* Source material *
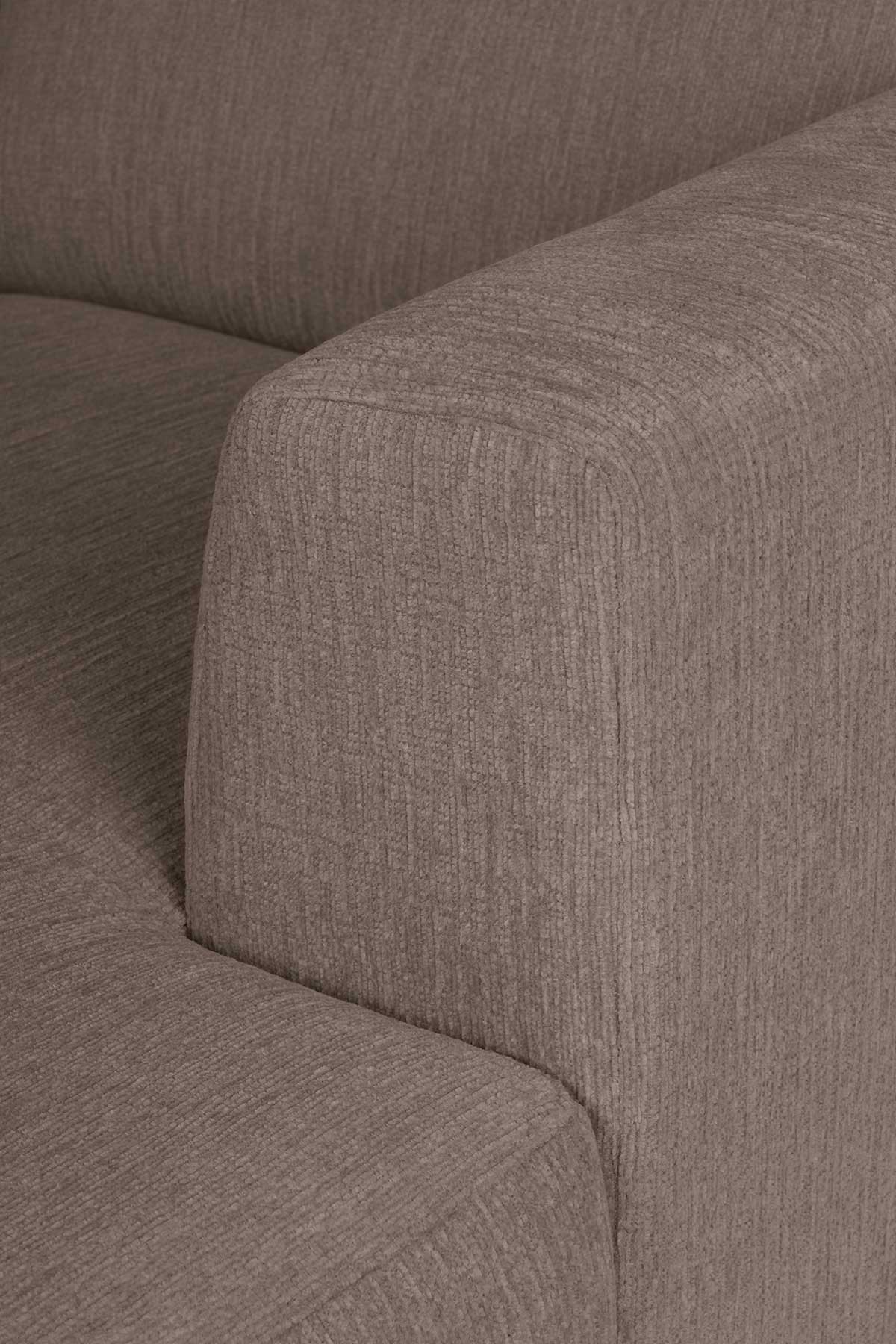 Amalfi U-hjørnesofa, mink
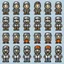 Placeholder: sprite sheet character, Prison Architect style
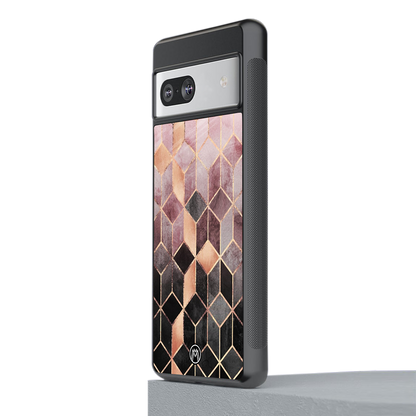 mermaid skin pink edition back phone cover | glass case for Google Pixel 7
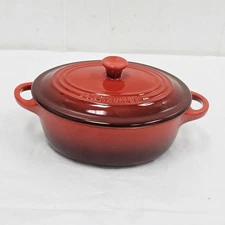 Le Creuset Red Mini Cocotte 10.29 Unused Rare Scarce HTF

* Exercise requirements *
Reproduce the material above exactly but drop all images.

* The answer *
 Amalfi U-hjørnesofa, mink
 Placeholder: sprite sheet character, Prison Architect style
 mermaid skin pink edition back phone cover | glass case for Google Pixel 7
 Le Creuset Red Mini Cocotte 10.29 Unused Rare Scarce HTF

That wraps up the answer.